What this task involves
Return the data that follows exactly as it appears. Pictures do not belong in the copy.

Collected data
************

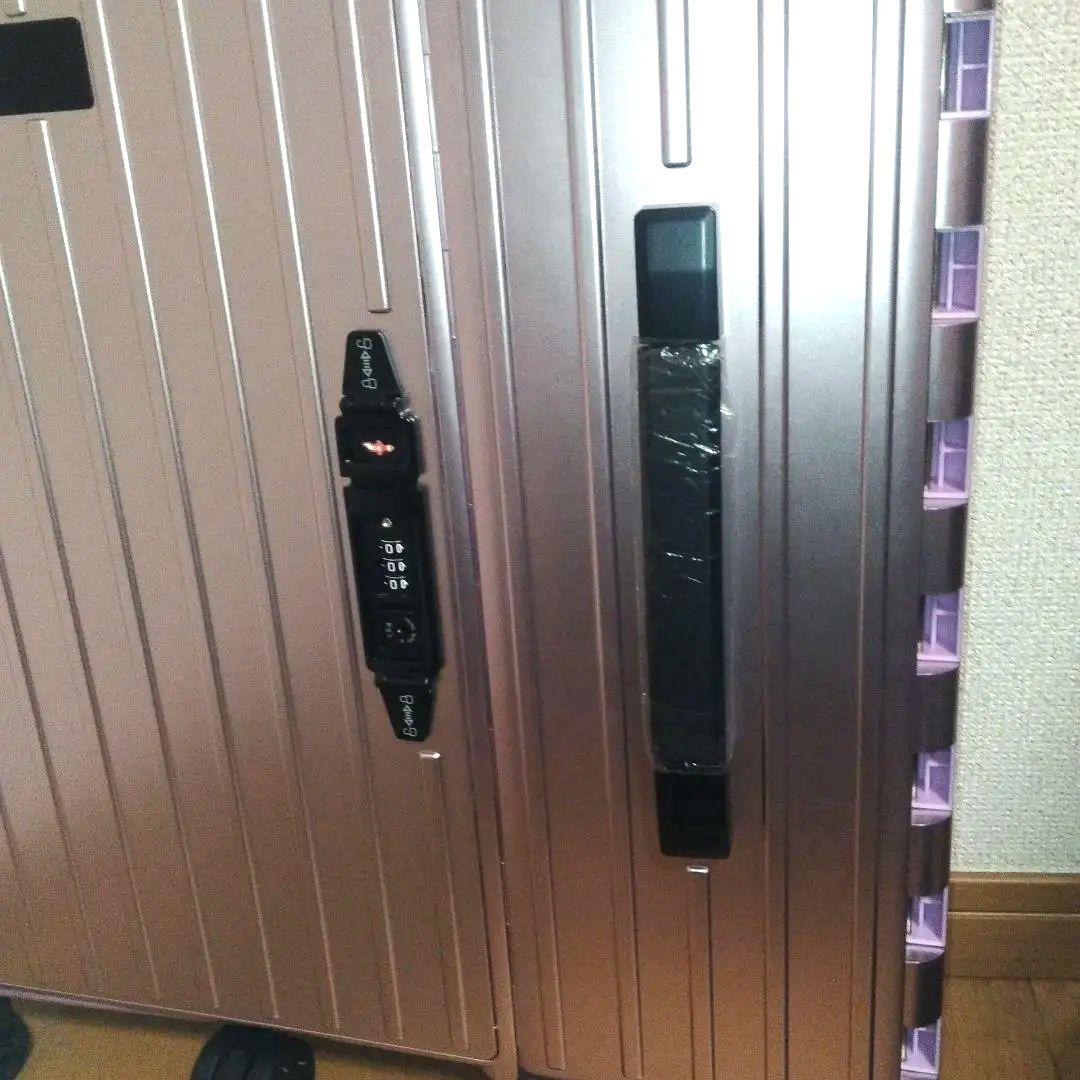 &.FLATメタリックピンクキャリーカート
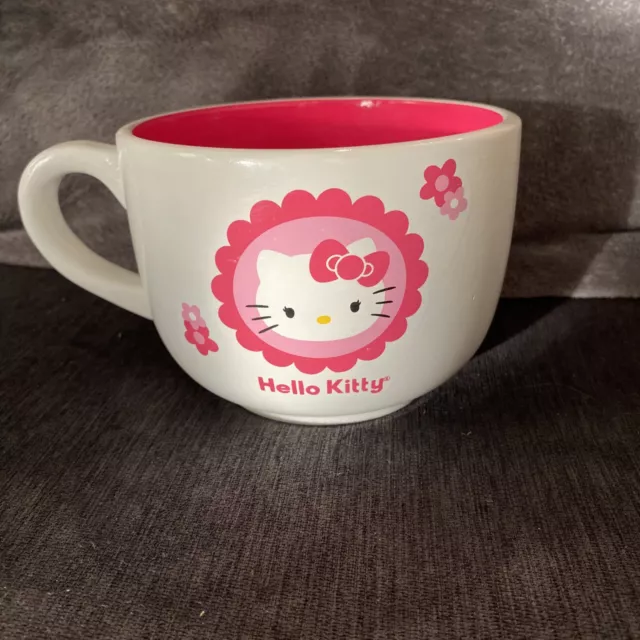 Hello Kitty By Sanrio Large Soup Mug Latte Cup FAB Starpoint 2012 Jumbo Mug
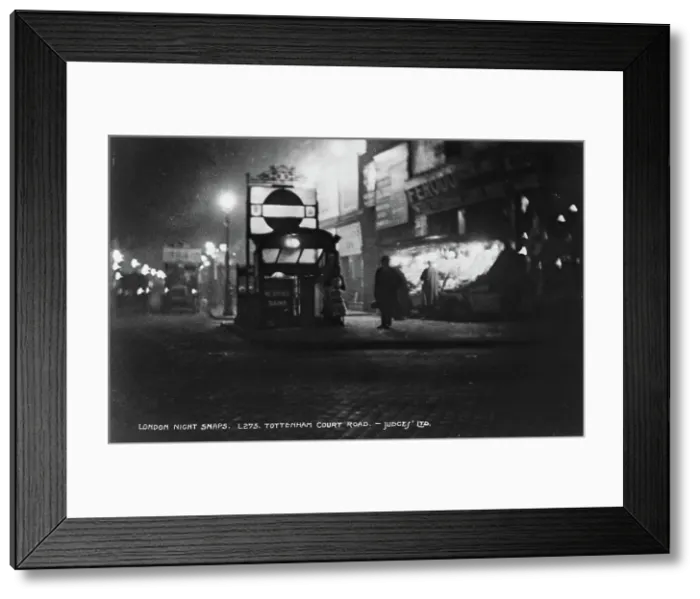Framed Print : Tottenham Court Road at Night Framed Print : Tottenham Court Road at Night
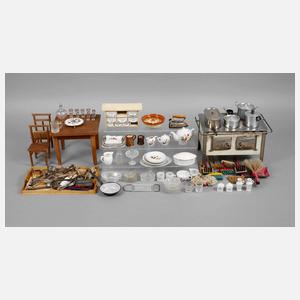 Konvolut Puppenküchen-Zubehör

************

Result of the exercise
 &.FLATメタリックピンクキャリーカート
 Hello Kitty By Sanrio Large Soup Mug Latte Cup FAB Starpoint 2012 Jumbo Mug
Framed Print : Tottenham Court Road at Night Framed Print : Tottenham Court Road at Night
 Konvolut Puppenküchen-Zubehör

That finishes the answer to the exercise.